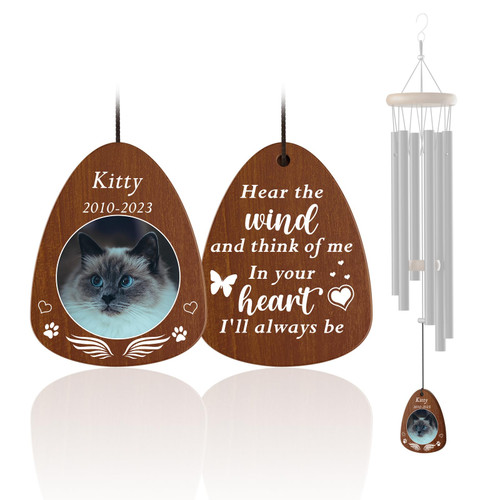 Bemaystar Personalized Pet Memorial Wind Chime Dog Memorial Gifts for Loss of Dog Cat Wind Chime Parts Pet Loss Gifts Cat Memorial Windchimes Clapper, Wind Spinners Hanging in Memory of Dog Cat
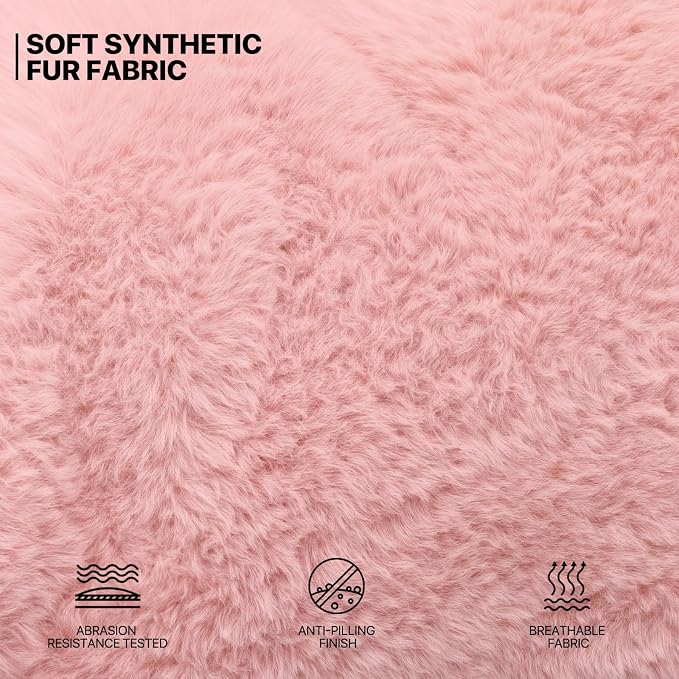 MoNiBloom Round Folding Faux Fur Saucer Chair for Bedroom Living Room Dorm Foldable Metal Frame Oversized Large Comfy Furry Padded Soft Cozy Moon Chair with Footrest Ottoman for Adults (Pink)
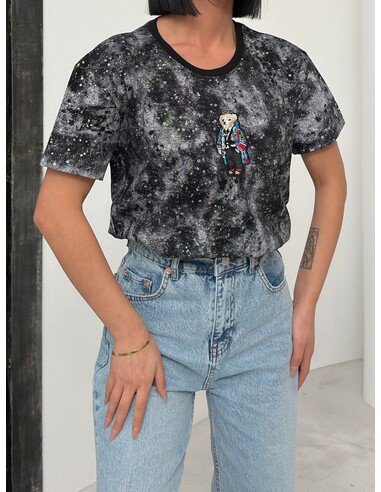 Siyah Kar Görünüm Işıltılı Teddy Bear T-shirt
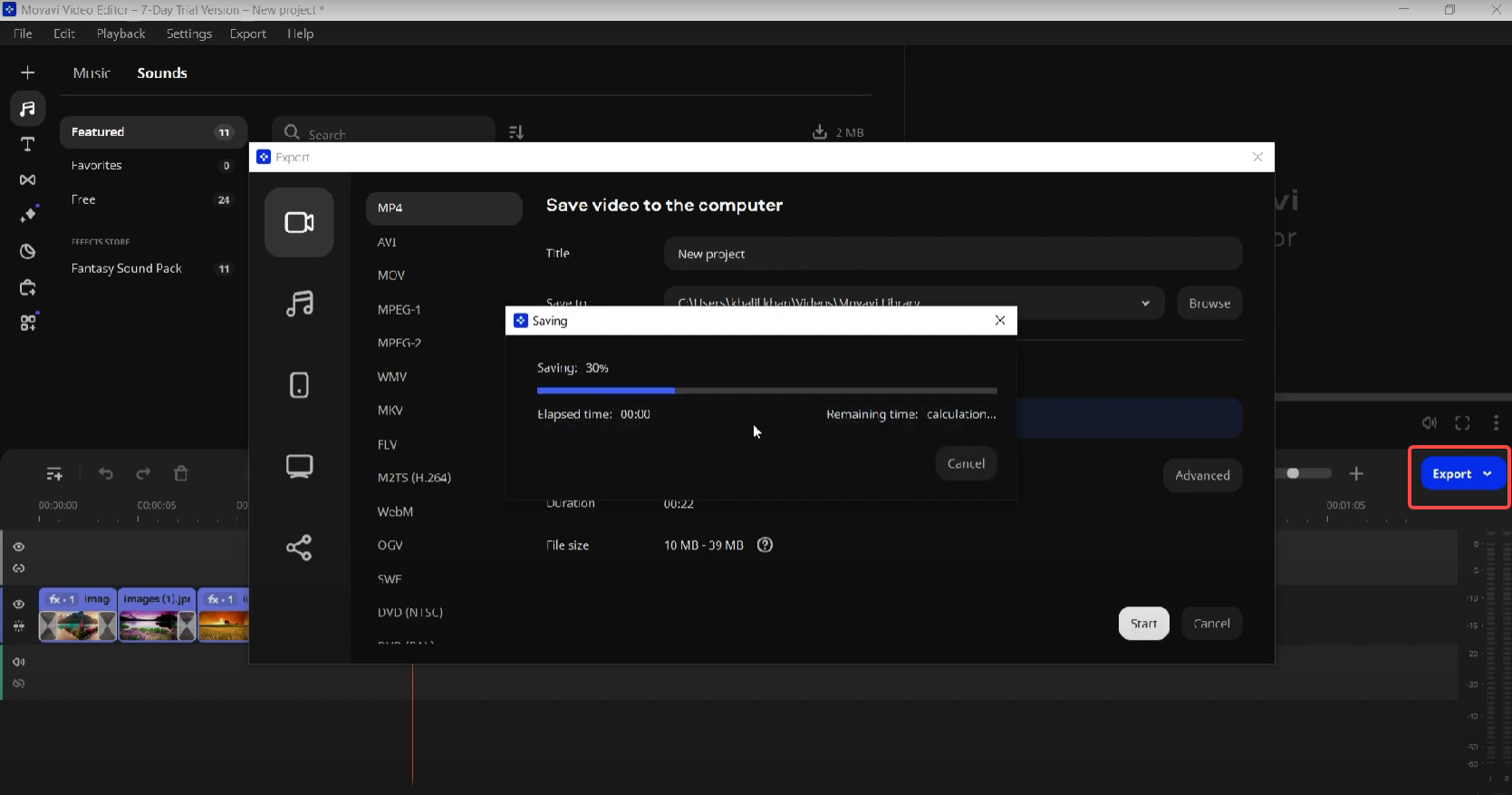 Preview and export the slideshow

* _Task goal_:
Before writing out the material above, please remove its pictures; everything else stays exact.

* _Response for this exercise_:
 Bemaystar Personalized Pet Memorial Wind Chime Dog Memorial Gifts for Loss of Dog Cat Wind Chime Parts Pet Loss Gifts Cat Memorial Windchimes Clapper, Wind Spinners Hanging in Memory of Dog Cat
 MoNiBloom Round Folding Faux Fur Saucer Chair for Bedroom Living Room Dorm Foldable Metal Frame Oversized Large Comfy Furry Padded Soft Cozy Moon Chair with Footrest Ottoman for Adults (Pink)
 Siyah Kar Görünüm Işıltılı Teddy Bear T-shirt
 Preview and export the slideshow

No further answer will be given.